On Mon, 10 May 2021 13:22:54 +0200
Toke Høiland-Jørgensen <toke@redhat.com> wrote:

> Maciej Fijalkowski <maciej.fijalkowski@intel.com> writes:
> 
> > On Thu, May 06, 2021 at 12:29:40PM +0200, Toke Høiland-Jørgensen wrote:  
> >> Maciej Fijalkowski <maciej.fijalkowski@intel.com> writes:
> >>   
> >> > On Wed, May 05, 2021 at 01:01:28PM -0700, Jesse Brandeburg wrote:  
> >> >> Zvi Effron wrote:
> >> >>   
> >> >> > On Tue, May 4, 2021 at 4:07 PM Zvi Effron <zeffron@riotgames.com> wrote:  
> >> >> > > I'm suspecting it's something with how XDP_REDIRECT is implemented in
> >> >> > > the i40e driver, but I don't know if this is a) cross driver behavior,
> >> >> > > b) expected behavior, or c) a bug.  

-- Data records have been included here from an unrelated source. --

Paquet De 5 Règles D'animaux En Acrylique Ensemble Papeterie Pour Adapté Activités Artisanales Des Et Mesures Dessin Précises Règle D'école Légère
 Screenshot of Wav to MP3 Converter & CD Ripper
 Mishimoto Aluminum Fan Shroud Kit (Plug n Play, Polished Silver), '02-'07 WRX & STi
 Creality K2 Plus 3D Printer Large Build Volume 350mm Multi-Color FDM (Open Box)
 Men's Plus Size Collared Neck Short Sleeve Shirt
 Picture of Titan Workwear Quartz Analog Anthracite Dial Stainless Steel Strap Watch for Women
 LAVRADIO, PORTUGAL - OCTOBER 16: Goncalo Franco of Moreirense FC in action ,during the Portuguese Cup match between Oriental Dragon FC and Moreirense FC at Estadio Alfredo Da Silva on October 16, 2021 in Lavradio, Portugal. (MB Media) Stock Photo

> >> >> > I think I've found the issue, and it appears to be specific to i40e
> >> >> > (and maybe other drivers, too, but not XDP itself).
> >> >> > 
> >> >> > When performing the XDP xmit, i40e uses the smp_processor_id() to
> >> >> > select the tx queue (see
> >> >> > https://elixir.bootlin.com/linux/v5.12.1/source/drivers/net/ethernet/intel/i40e/i40e_txrx.c#L3846).
> >> >> > I'm not 100% clear on how the CPU is selected (since we don't use
> >> >> > cores 0 and 1), we end up on a core whose id is higher than any
> >> >> > available queue.
> >> >> > 
> >> >> > I'm going to try to modify our IRQ mappings to test this.
> >> >> > 
> >> >> > If I'm correct, this feels like a bug to me, since it requires a user
> >> >> > to understand low level driver details to do IRQ remapping, which is a
> >> >> > bit higher level. But if it's intended, we'll just have to figure out
> >> >> > how to work around this. (Unfortunately, using split tx and rx queues
> >> >> > is not possible with i40e, so that easy solution is unavailable.)
> >> >> > 
> >> >> > --Zvi  
> >> >
> >> > Hey Zvi, sorry for the lack of assistance, there has been statutory free
> >> > time in Poland and today i'm in the birthday mode, but we managed to
> >> > discuss the issue with Magnus and we feel like we could have a solution
> >> > for that, more below.
> >> >  
> >> >> 
> >> >> 
> >> >> It seems like for Intel drivers, igc, ixgbe, i40e, ice all have
> >> >> this problem.
> >> >> 
> >> >> Notably, igb, fixes it like I would expect.  
> >> >
> >> > igb is correct but I think that we would like to avoid the introduction of
> >> > locking for higher speed NICs in XDP data path.
> >> >
> >> > We talked with Magnus that for i40e and ice that have lots of HW
> >> > resources, we could always create the xdp_rings array of num_online_cpus()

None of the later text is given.